Experiences serving on the Board of Directors of Sperry Corporation, 1983-1986

 

I entered the world and the workings of the BIG corporation by being asked to serve on the Sperry Board—an eye-opening experience. Sperry manufactured and serviced the once famous brand of UNIVAC computers; then became a multi-industry diversified giant. I was the first and only computer scientist ever selected for the Sperry Board. Sperry was acquired in a hostile takeover by Burroughs Corporation in 1986, ending my life as a Big Company Director…

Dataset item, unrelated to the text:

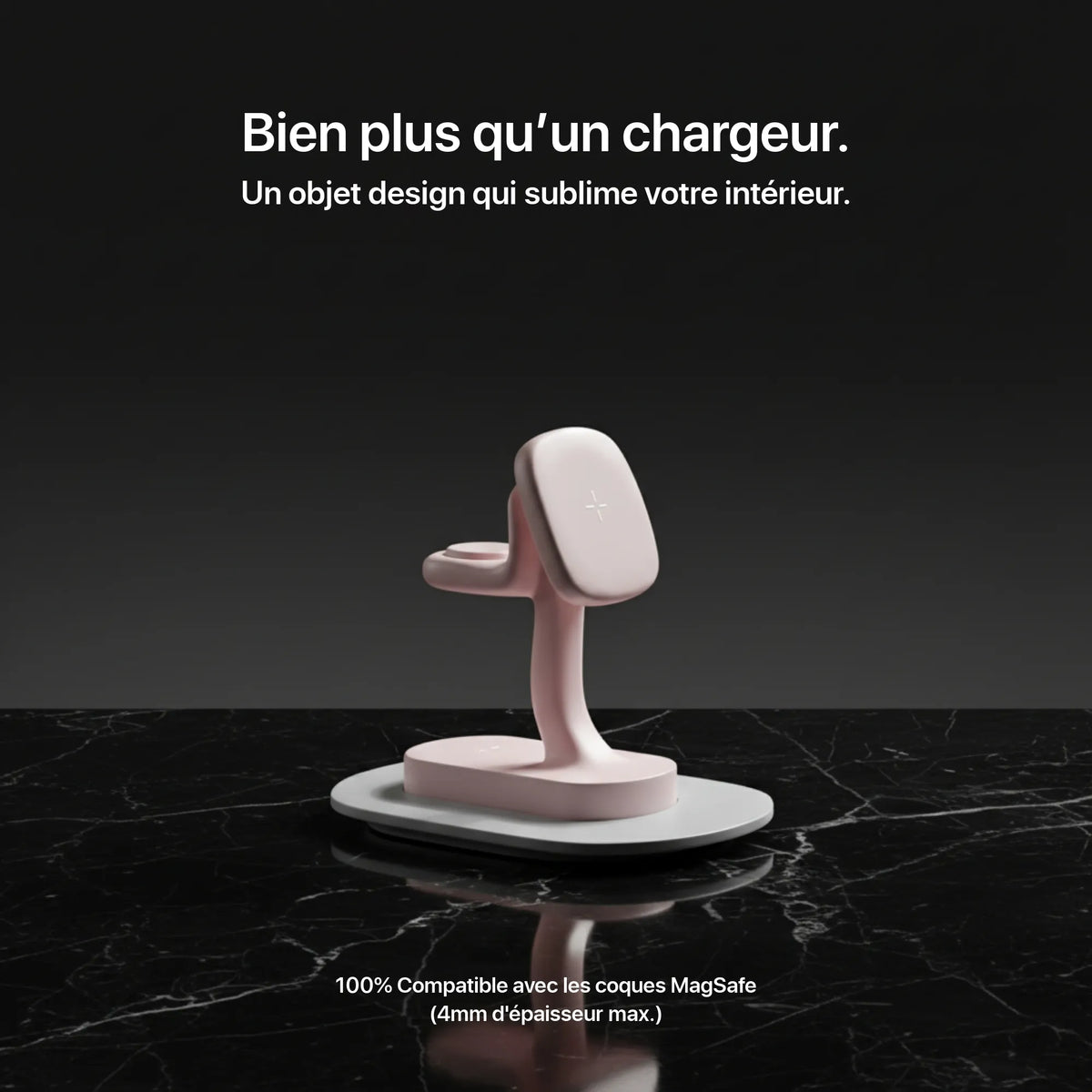Pink 3-in-1 charger by Craft Kitties, featuring multiple charging ports in a compact design.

I was asked to form and chair Sperry’s Technology Advisory Board. This Board found weakness in UNIVAC’s research and its product offerings. Over my few years as a Director, UNIVAC management (near Philadelphia) made good plans to shift from selling computers (vs IBM) to selling software and services. Excellent concept, but died at birth when Burroughs bought Sperry, forming Unisys. In my view, Burroughs CEO Blumenthal, with clumsy management, got rid of the UNIVAC planning (and product line and people).

I am not particularly proud of one important and ultimately costly piece of business advice I gave to UNIVAC management (after being asked).  I gave the same advice to the Texas Instruments (TI) CEO and have regretted it ever since. It concerns the manufacturing and sale of LISP machines, a type of computer particularly well-suited for symbolic computation (vs numeric calculation). Interest in LISP, the software substratum of artificial intelligence (AI) research at the time, was high. The Japanese National Fifth Generation Project and the widely read book The Fifth Generation, by McCorduck and me, had significantly raised the profile of AI, hence LISP also. With government support, TI had developed a “LISP chip.” The question was: would it be a good business decision to build and sell a LISP personal workstation using this chip? Being asked, my advice was “yes,” but I was wrong. The “AI market” was practically non-existent. In the time it would take to build up this market, the inevitability of increase of chip capability under Moore’s Law would overtake the underpowered LISP chip.

Sperry’s UNIVAC division got caught up in this. Like TI, UNIVAC was looking for a “breakthrough” product.  They decided to use their marketing and sales capabilities to sell LISP workstations that they bought OEM from TI.  Again, my advice to them was wrong. It’s hard to sell into a non-existent market, and harder still when a sales force proves incapable of learning symbolic computation, LISP, and AI software and applications. I can’t blame them. They were brought up at the other end of computing.